Here are simple tips so you can create quality full-color stickers:
Understanding the CMYK Process Color
First, you have to understand that you are working with “process color” where primary colors are combined (Cyan, Magenta, Yellow, and Black) to create a wide range of colors.
Here’s an example:
If you want to print a shade of orange, you can print small dots of magenta and once it dries, you can then print the yellow ink.
Don’t worry, the dots and streaks will not be noticeable to the naked eye and that’s what’s cool about it! The subtle dithering is because of the CMYK process. However, for some colors, it can be more noticeable.
Pantone Printing vs CMYK
If you want the exact color reproduction for your stickers, you may want to consider a custom Pantone run (PMS). With this process, you can match the exact color that you want. It is more precise, however, it’s more expensive.
The Right Color Values
The most difficult to balance is light shade colors that use small quantities of the 4 processor colors. You have to take note of this when you are designing your stickers. CMKY values that are under 10% might get lost on the screen. They must be kept at either 0% or 10%, ideally.

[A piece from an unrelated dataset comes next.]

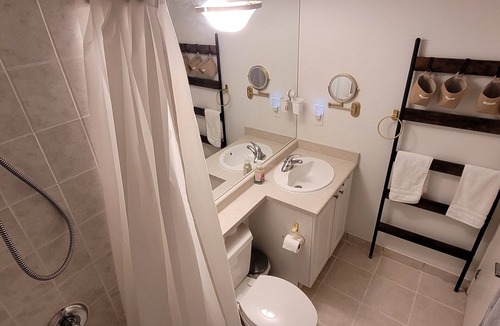 Niagara Condo | Studio for 2 in Downtown Toronto
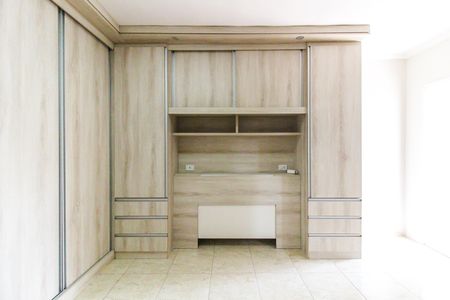 Casa para alugar com 500m², 3 quartos e 5 vagas Casa para alugar com 500m², 3 quartos e 5 vagasSuíte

Optimum CMYK Colors for Black
Black ink isn’t only black – it also consists of Cyan, Magenta, and Yellow. The mixture of all four colors will result in the ultimate black. It produces thick, extremely rich, and highly durable color. The set up for optimum black is Cyan 100%, Magenta 85%, Yellow 85%, and Black 100%.
Large Areas of Solid Color
You have to avoid creating stickers with large areas of solid color as much as possible. For instance, instead of creating a solid red background, you can distress it by adding extra elements. Breaking up large areas of solid color will avoid any subtle dithering.